Unless the position is purely management or "people facing", the individual's skills must be evaluated against the requirements of the job.  How many companies do you (the reader) know that have the ability to do role-based assessments that are comprehensive enough to determine the level of technical fit?  In my experience it is quite rare for finalist candidates to receive a truly comprehensive assessment of the important, job specific skills.  When I see failed hires, many times it was because the person talked a great game but could not perform at the proper level after being hired.

On to the final point.

After about 20 years of experience within information technology, I've become a firm believer that the vast amount of productive work, or the work that is meaningful to the organization, comes from about 15-20% of total IT staff.  To quantify, for every 100 IT workers in your firm, the bulk of the productivity you receive is generated from about 15-20 people.

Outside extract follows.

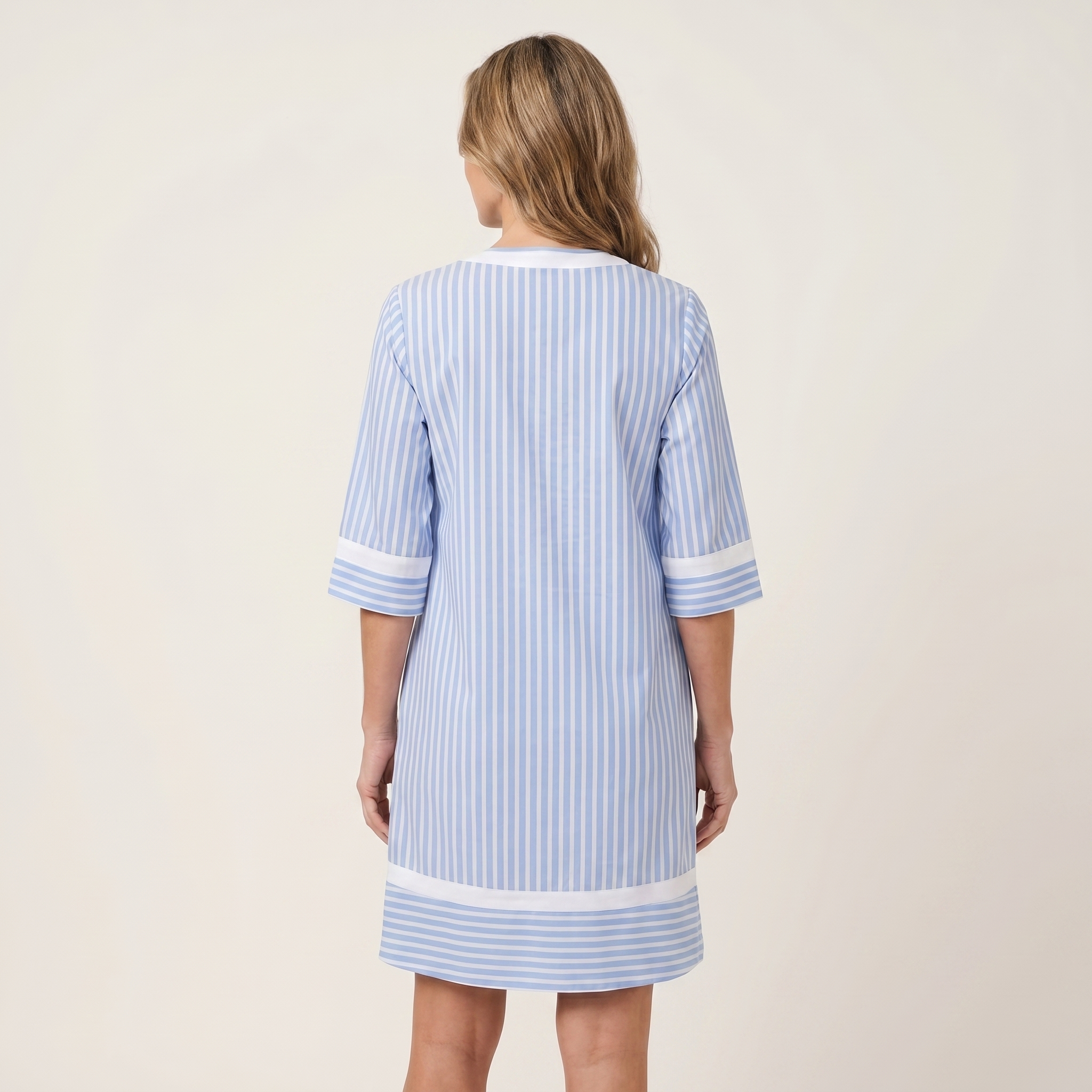 Sanina | Vestido recto de algodón a rayas con escote en V y ribete en contraste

There is nothing wrong with having average employees.  They are the individuals that (mostly) do the work which is required to keep operations running.  However, these are not the people who can innovate or further increase the value of IT in a way that makes a company more profitable.  Some managers try to compensate, when they don't have top performers, by hiring a lot more average player.  That never, ever works.  The lifeblood of an excellent IT organization is the group of top performers.  They are the "go-to" resources whenever a problem is not routine or average.  If you have them, great, but if you don't it's likely your firm employs a large number of contractors.

Think about what I'm saying in terms of this graph.  Most of the IT resources you have/hire (without utilizing the principles outlined in "The Talent Triangle") will be average.  Yet in order to have IT services that are valuable to the company today and tomorrow, you need those 15% on the right end of the curve.

The problem with getting that elusive 15% to come to your company is several fold.  First, they are going to be quite expensive.  Then, because they are so talented it's likely that the companies that they are servicing are not going to make it easy for you to lure them away.  Many of these superstars already recognize what they are worth and have gone into consulting.  After all, why work for $100,000/year when you can consult, on your own terms, and make 2x-5x that amount?

IT talent is always available, just not the kind that you really want.  One of the traps companies fall into most often, especially when they already have these excellent resources on staff, is that they are easy to find on the open market.  Of course this leads to a belief that there is no need to take special steps to ensure that the great IT talent already in-house requires no special treatment.  After all, if that talent was to leave it could be quickly and easily replaced.  SO MANY companies only learn after the fact how wrong these beliefs turn out to be.

The best cure for regret is to understand how to avoid it in the first place.